DATASET SECTION:
::::::::::

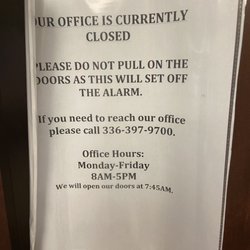 Piedmont Retina Specialists - Winston-Salem - Note left on the door from the office.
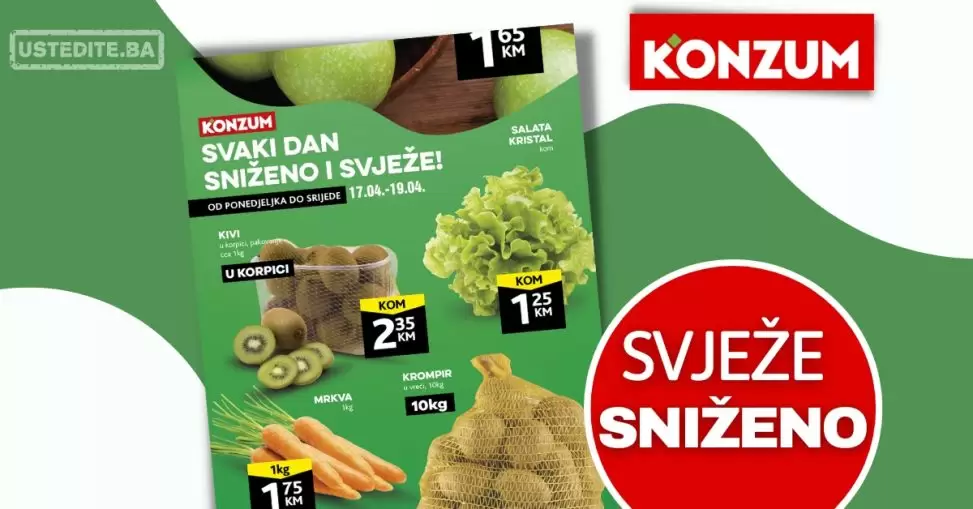 Konzum akcija SVJEŽA PONUDA 17-19.4.2023.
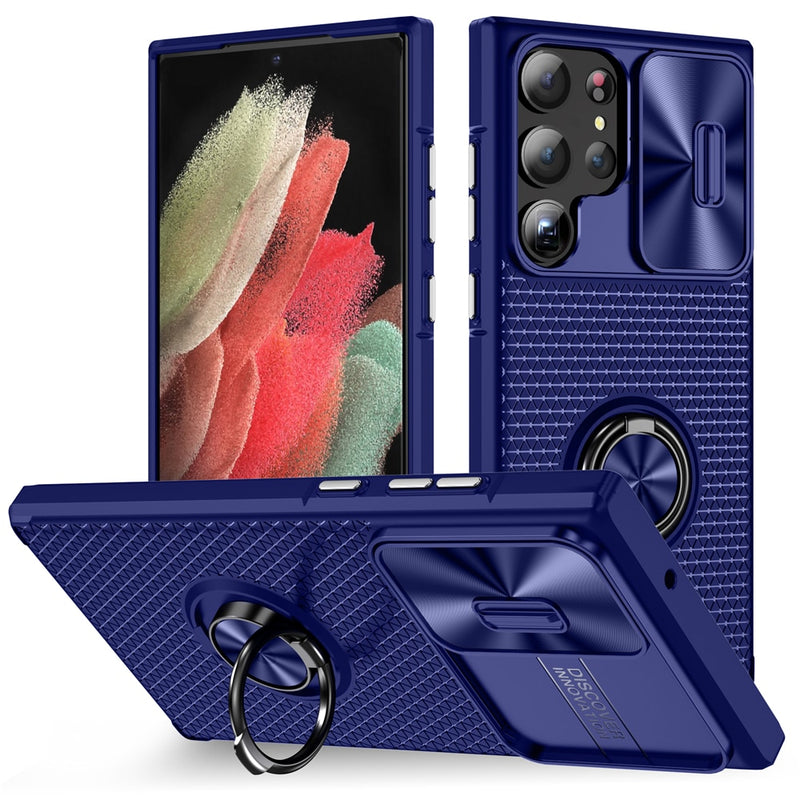 Luxury Armor Samsung Cases with Slider Camera - CaseShoppe Samsung S23 / Navy Blue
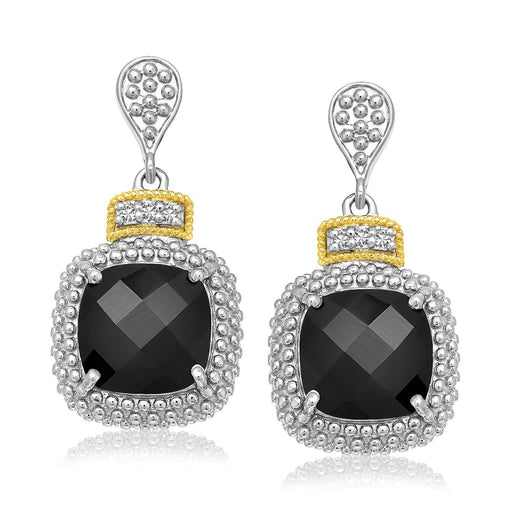 18k Yellow Gold & Sterling Silver Black Onyx & Diamond Earrings (.05cttw) Earrings Angelucci Jewelry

::::::::::

TRY IT:
Please give again, word for word, the lines from the one containing "Luxury Armor Samsung" through the last line of the listing above, inclusive, and leave out pictures.

ANSWER TO THE EXERCISE:
 Luxury Armor Samsung Cases with Slider Camera - CaseShoppe Samsung S23 / Navy Blue
 18k Yellow Gold & Sterling Silver Black Onyx & Diamond Earrings (.05cttw) Earrings Angelucci Jewelry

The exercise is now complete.